Laut Klappentext und Titel des Buches geht es in „Gesellschaftsspiele“ um das Leben eines Künstlers und darum, was die Gesellschaft aus ihm macht. Die Autorin hatte sich zur Recherche-Arbeit ein Jahr in die Kunstszene zurückgezogen. Diese gesammelten Hintergrundinformationen zeigen sich in detaillierten Beschreibungen der erwähnten Kunstwerke und Bilder und sind zwar angenehm, aber auch meiner Meinung nach bisweilen etwas zu dick aufgetragen.
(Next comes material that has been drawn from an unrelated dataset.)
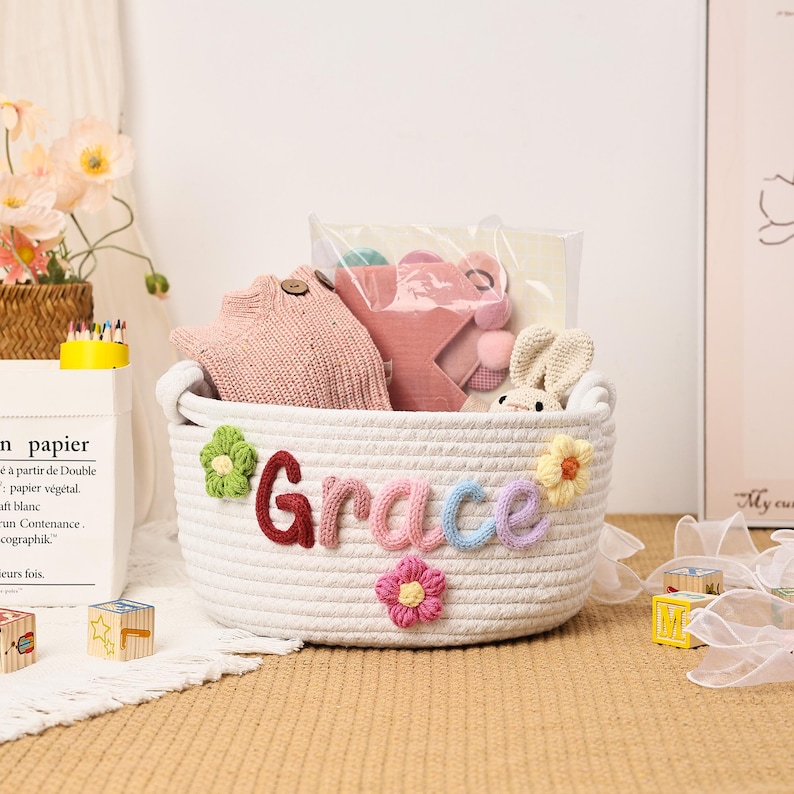 Puede incluir: Una cesta de cuerda blanca con el nombre "Grace" en letras coloridas y adornos florales. La cesta contiene un gorro de punto rosa, un coj&iacute;n en forma de estrella y un conejito de peluche. Un regalo ideal para un beb&eacute;.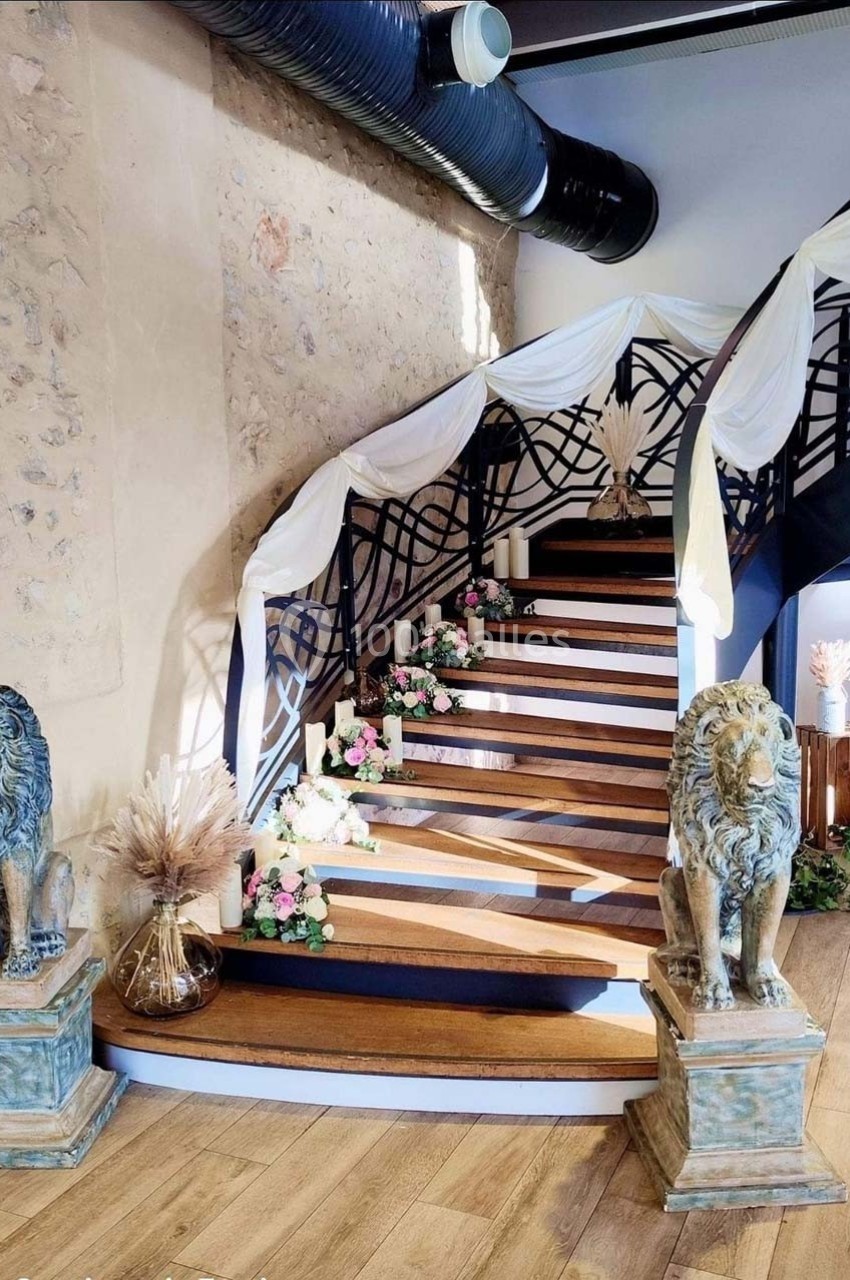 Escalier en bois décoré de fleurs et drapés blancs, encadré par deux statues de lions dans une salle au mur en pierre.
Inwiefern es auch in diesem Buch wirklich um die Spiele geht, die die Kunstszene mit ihren Künstlern treibt, das wurde mir bis zum Schluss leider nicht klar.


 

Für mich bleibt das Buch ein einfacher Beziehungsroman mit drei Hauptpersonen, von denen mindestens zwei, nämlich Leo und Rahel, voller Selbstmitleid dahinleben, unfähig miteinander zu reden. Ebba scheint sich nach einigen Tiefs selbst gefunden zu haben und bleibt auf eigenen Füßen stehen. Sie bildet für mich das Highlight, da in ihren Szenen zumindest die Möglichkeit des selbstständigen Handelns gezeigt wird. Leo und Rahel langweilten mich beim Lesen, wie sie wahrscheinlich sich selbst auch langweilten. Dass Leo Maler ist, ist meiner Meinung nach dabei größtenteils unwichtig.


 

Sämtliche andere Personen des Buches tauchen wie Dekoration im Hintergrund auf und gehen wieder. Die Beschreibungen der Charaktere bleiben dabei oberflächlich, wahrscheinlich waren sie eh nur Füllmaterial?


 

Viel Mühe gab die Autorin sich bei detaillierten Darstellungen seltsam ekliger Träume und unter Drogen gemachter Einflüsse. Der Sinn dieser Details hat sich mir leider nicht erschlossen, und ich hoffe nur, dass die Autorin dafür nicht auch intensiv recherchiert hat.


 

Insgesamt drängt sich mir leider das Gefühl auf, dass Louise Jacobs ein Buch mit einer schönen Fassade geschrieben hat, aber wenn man dahinter schaut, war vielleicht auch dieses Werk, ähnlich Leos Bild „Die Bar“, aus welchem Grund auch immer einfach noch nicht vollendet. Schade.